The response must hold only the lines from the line containing "Sips And Sounds: Nightlife" through the end of the listing, exactly as written.

===== Data excerpts =====

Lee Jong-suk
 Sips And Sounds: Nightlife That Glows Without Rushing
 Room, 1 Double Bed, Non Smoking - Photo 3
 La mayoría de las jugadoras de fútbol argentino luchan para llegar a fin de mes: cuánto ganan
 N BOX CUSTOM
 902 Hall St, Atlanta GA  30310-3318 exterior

=====

Answer to this task:
 Sips And Sounds: Nightlife That Glows Without Rushing
 Room, 1 Double Bed, Non Smoking - Photo 3
 La mayoría de las jugadoras de fútbol argentino luchan para llegar a fin de mes: cuánto ganan
 N BOX CUSTOM
 902 Hall St, Atlanta GA  30310-3318 exterior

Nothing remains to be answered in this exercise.